*PROBLEM TO SOLVE*. In the material below, find the line containing "Actual product image" and the line containing "ミニ衣類ハンガー多機能収納ラック". Output those two lines and all lines between them exactly, without pictures.
╭─ SOURCE RECORDS
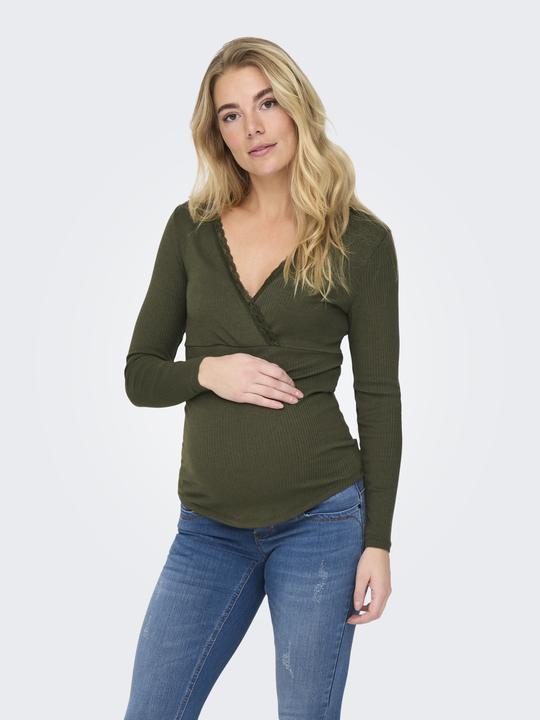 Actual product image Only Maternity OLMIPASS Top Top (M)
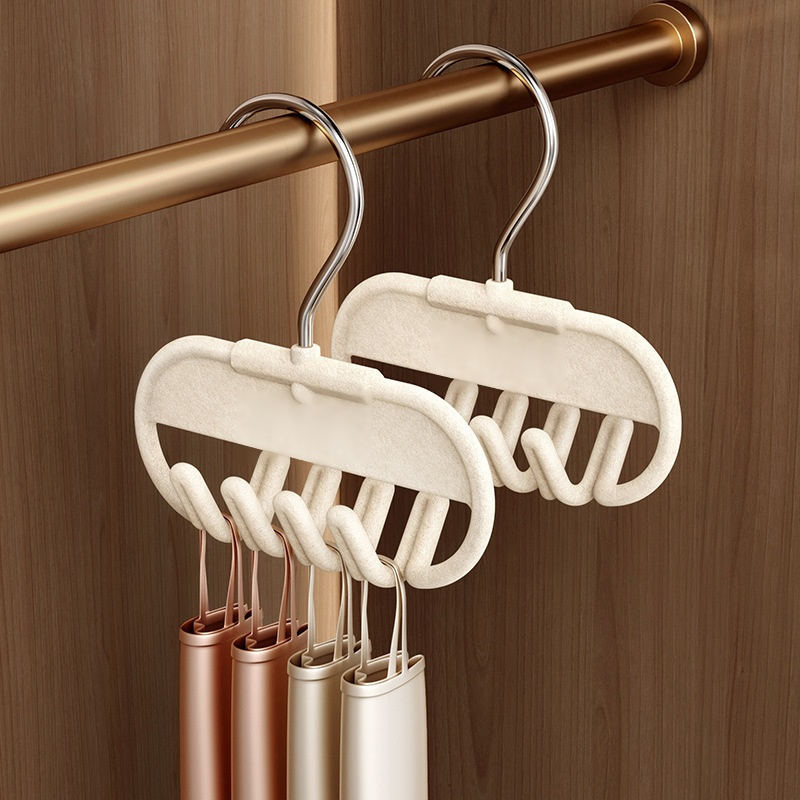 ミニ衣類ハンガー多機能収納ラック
╰─
╭─ SOURCE RECORDS
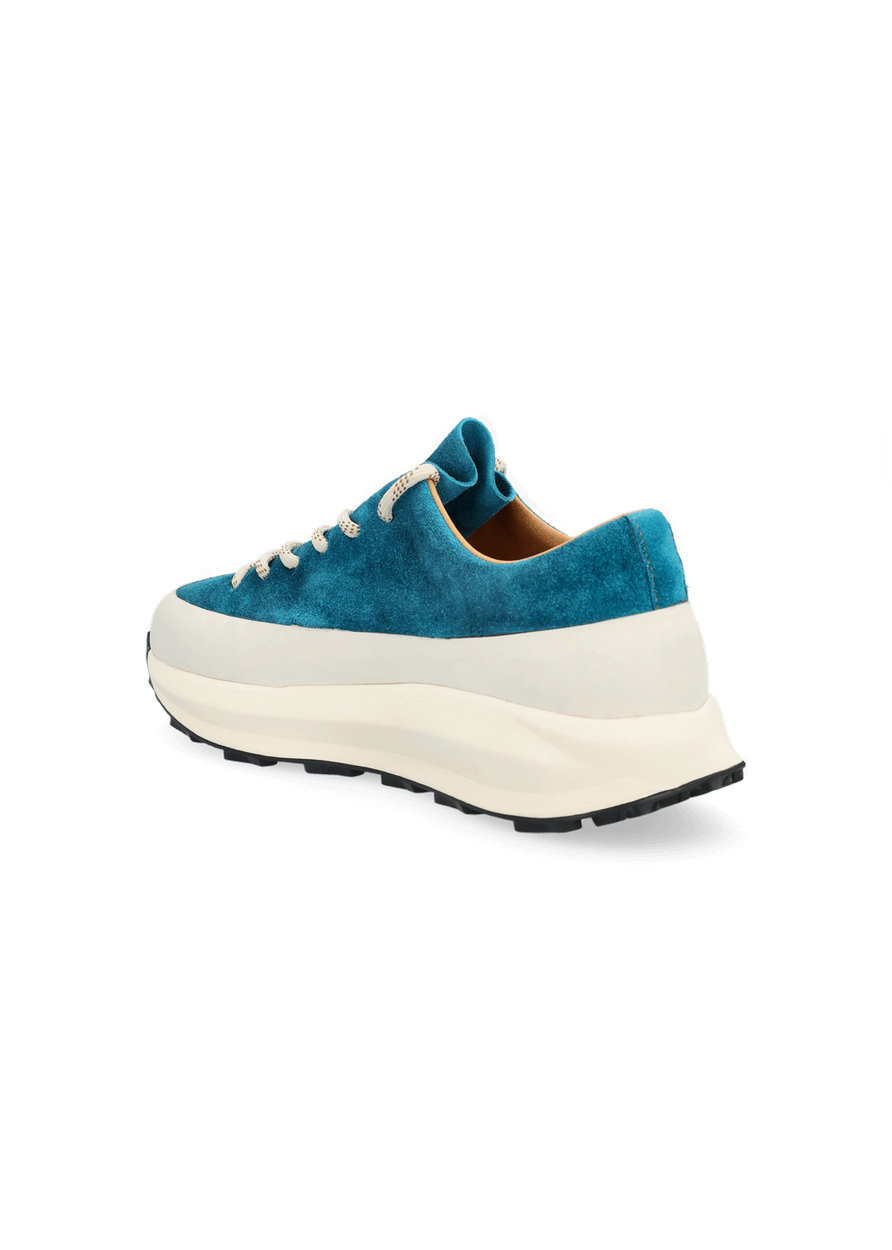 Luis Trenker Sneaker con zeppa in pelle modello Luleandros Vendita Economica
╰─
╭─ SOURCE RECORDS
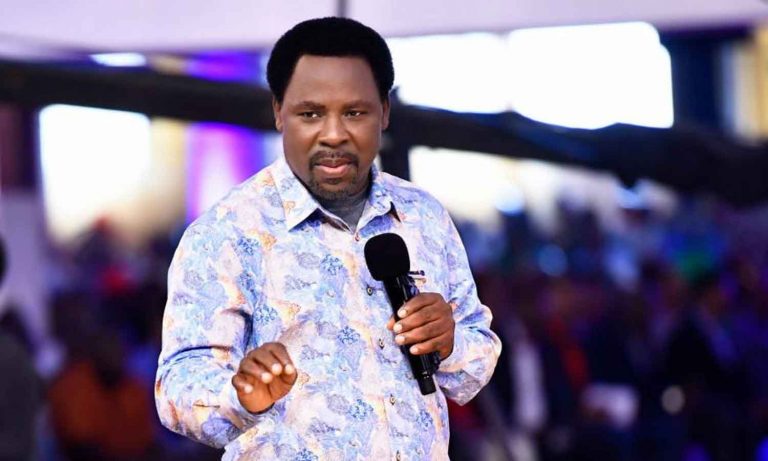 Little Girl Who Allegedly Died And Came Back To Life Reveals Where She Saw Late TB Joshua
╰─
*REPLY*.
 Actual product image Only Maternity OLMIPASS Top Top (M)
 ミニ衣類ハンガー多機能収納ラック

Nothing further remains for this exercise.